We continue our journey into algorithms that predicts distributions and this time we talk about the Aggregating Algorithm.

1. The Aggregating Algorithm and Mixable Losses

Here, we show how to extend the Weighted Average Algorithm (WAA) we saw last time to a larger class of loss functions. We will assume {P_1} to be a probability density with respect to a measure {m} of the set {\mathcal{X}}, the domain of the losses. As before, for the set {\mathcal{X}}, we define by {\Delta(\mathcal{X})} the set of all probability distributions with support on {\mathcal{X}}

In the case of {\alpha}-exp-concave losses, we used the fact that

\displaystyle \lambda_t\ln \mathop{\mathbb E}_{{\boldsymbol x} \sim P_t} \left[\exp\left(-\frac{1}{\lambda_t} \ell_t({\boldsymbol x})\right)\right] + \ell_t\left(\mathop{\mathbb E}_{{\boldsymbol x} \sim P_t}[{\boldsymbol x}]\right) \leq0,

for all {\frac{1}{\lambda_t} \leq \alpha}. Now, we want to extend the class of functions where we can use a similar inequality.
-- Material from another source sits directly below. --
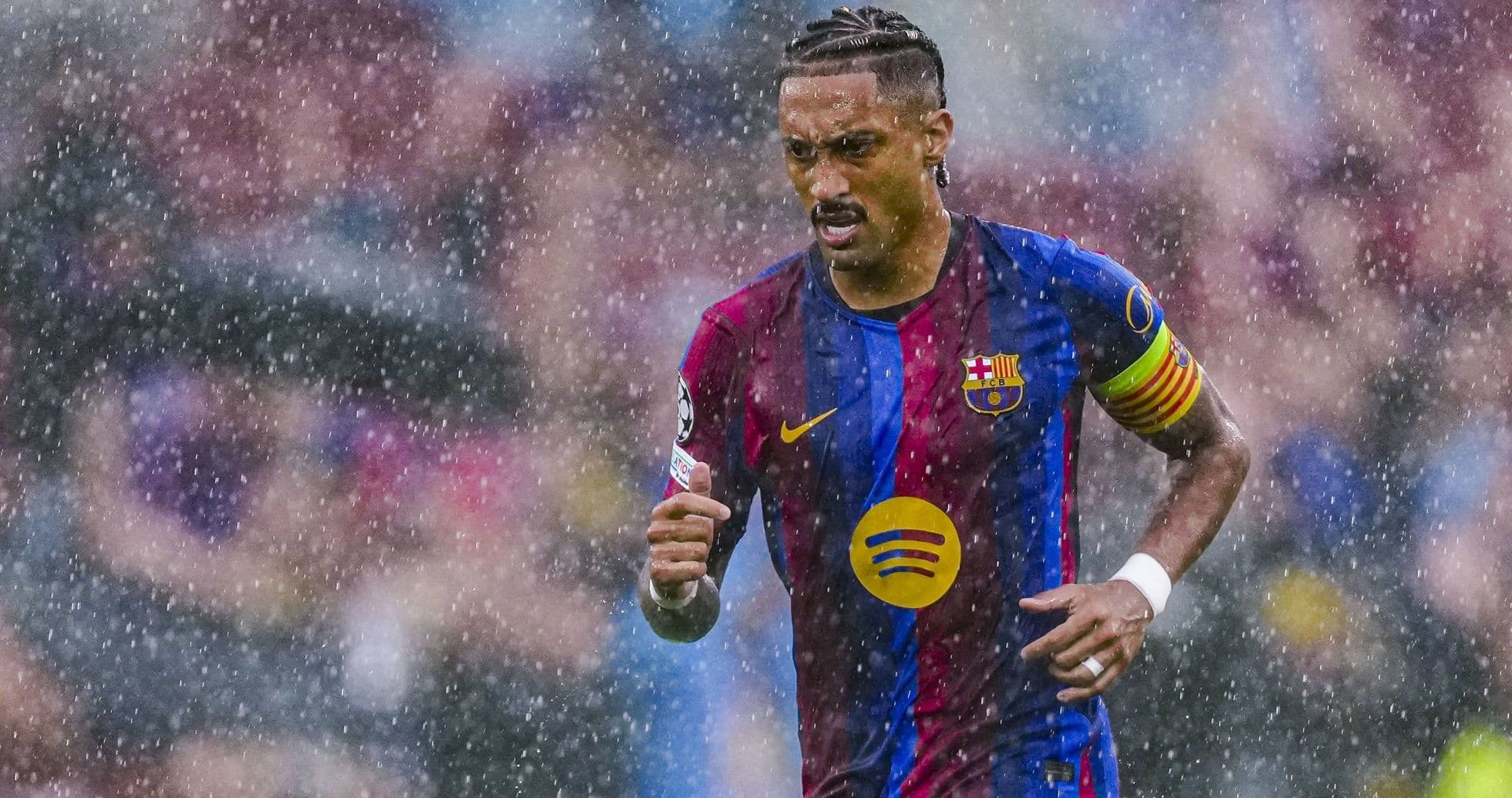 Raphinha éteint les rumeurs sur le Ballon d'Or après son doublé en Ligue des Champions avec Barcelone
So, we introduce a more general class of losses, the {\alpha}-mixable ones.

Definition 1. Let {f:\mathcal{X}\rightarrow {\mathbb R}}. We say that {f} is {\alpha}-mixable if there exists a mapping {s:\Delta(\mathcal{X}) \rightarrow \mathcal{V}} called substitution function such that

\displaystyle \frac{1}{\alpha}\ln \mathop{\mathbb E}_{{\boldsymbol x} \sim P} [\exp(-\alpha f({\boldsymbol x}))] + f\left(s(P)\right) \leq0, \quad \forall P \in \Delta(\mathcal{X})~.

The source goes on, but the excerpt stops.